5 Gangguan Penglihatan Paling Banyak Diderita Orang, Lengkap dengan Gejalanya

Muhammad Sukardi, Jurnalis · Kamis 14 Oktober 2021 10:05 WIB
https: img.okezone.com content 2021 10 14 481 2486050 5-gangguan-penglihatan-paling-banyak-diderita-orang-lengkap-dengan-gejalanya-FLgUQKJOrY.jpg Ilustrasi (Foto : Timesofindia)

BADAN Kesehatan Dunia (WHO) mencatat bahwa sekitar 1 miliar orang di dunia memiliki gangguan penglihatan, baik itu rabun dekat maupun rabun jauh yang dapat dicegah atau belum ditangani.

Masalah pada mata ini sejatinya bisa dialami oleh semua jenis usia, namun hingga sekarang kasusnya didominasi oleh individu berusia di atas 50 tahun. Selain gangguan penglihatan, masalah mata yang banyak dialami juga adalah kebutaan.

Nah, menjelang Hari Penglihatan Sedunia 2021 yang jatuh pada 14 Oktober besok, MNC Portal coba mengedukasi masyarakat terkait 5 masalah mata yang paling banyak dialami dan bagaimana cara pencegahannya. Dilansir dari laman Iris Vision, berikut paparan selengkapnya:

1. Katarak

Katarak

Katarak merupakan salah satu masalah mata yang paling banyak terjadi. Pembentukan daerah keruh di lensa mata disebut sebagai katarak. Cahaya melewati lensa mata yang jernih ke retina Anda (seperti kamera), tempat gambar diproses. Dengan katarak yang mempengaruhi lensa mata, cahaya tidak dapat melewati retina dengan cukup lancar.

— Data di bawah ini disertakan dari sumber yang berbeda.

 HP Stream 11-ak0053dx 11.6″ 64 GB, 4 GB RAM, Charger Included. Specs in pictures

Akibatnya, Anda tidak dapat melihat sejelas orang tanpa katarak dan mungkin juga melihat lingkaran cahaya atau silau di sekitar lampu di malam hari.

Bagaimana gejalanya?

Sebagian besar akibat waktu. Pembentukan katarak adalah proses yang lambat, tanpa gejala khas seperti nyeri, mata berair, atau mata merah. Namun, ada beberapa gejala yang mengarah ke kondisi katarak, seperti

- Penglihatan kabur, berkabut, atau redup

- Masalah melihat di malam hari

- Masalah melihat melalui cahaya dan silau

- Melihat 'lingkaran cahaya' di sekitar lampu

- Sering mengganti lensa kontak atau kacamata

- Tampilan warna yang pudar

Baca Juga : Pahami Pemicu Katarak pada Anak Baru Lahir, Termasuk Cara Penyembuhannya

2. Glaukoma

Glaukoma adalah kondisi mata di mana saraf optik mata rusak, semakin memburuk dari waktu ke waktu. Sebagian besar, itu menghasilkan penumpukan tekanan di dalam cairan di mata Anda, yang berpotensi merusak saraf optik yang bertanggung jawab untuk mentransmisikan gambar ke otak.

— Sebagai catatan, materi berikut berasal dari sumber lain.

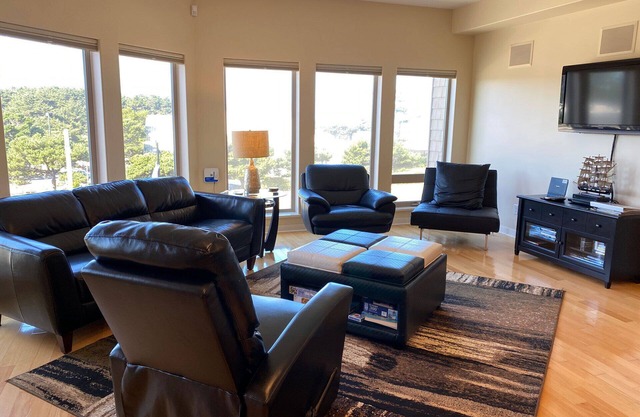 Ultra Modern Condo located in the Heart of Yachats! Walk to everything!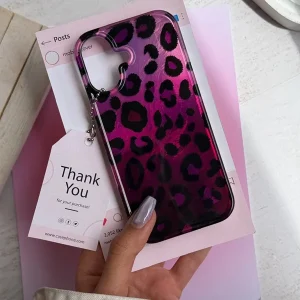 قاب طرح پلنگی Foxy Violet گوشی آیفون 16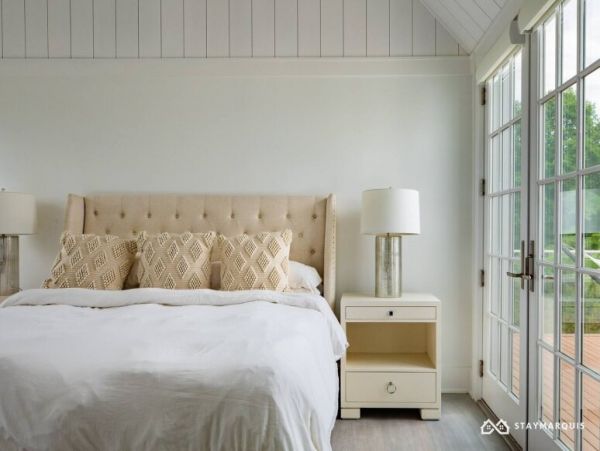 Hamptons Home 1020340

Peningkatan tekanan ini juga disebut sebagai tekanan intraokular, juga dapat menyebabkan kehilangan penglihatan permanen jika terus berlanjut untuk jangka waktu yang lebih lama. Jika tidak diobati, glaukoma dapat menyebabkan kebutaan permanen dalam hitungan beberapa tahun.

Glaukoma memiliki 2 tipe, Open-angle glaukoma dan Angle-closure glaukoma. Keduanya pun memiliki gejala yang berbeda:

Open-angle Glaukoma

Tidak ada gejala yang pasti di awal kejadian, namun beberapa laporan mengungkapkan penglihatan seseorang akan seperti 'terowongan' di mana cukup gelap di sisi kanan dan kiri dan ini terjadi pada kedua mata.

Angle-closure glaukoma

Jika seseorang mengalami masalah ini, kebutaan bisa terjadi dalam waktu satu atau dua hari saja, karena itu perlu tindakan segera jika sudah terjadi gejala seperti sakit parah di mata disertai mual dan muntah. Kemudian, gangguan penglihatan yang datang tanpa aba-aba atau mendadak di ruangan kurang cahaya, penglihatan kabur, dan mata merah.

3. Diabetik retinopati

Periksa Mata

Diabetik retinopati pada dasarnya adalah komplikasi diabetes yang mempengaruhi mata, menyebabkan kerusakan pada pembuluh darah yang menyebar ke seluruh jaringan peka cahaya retina (bagian belakang mata).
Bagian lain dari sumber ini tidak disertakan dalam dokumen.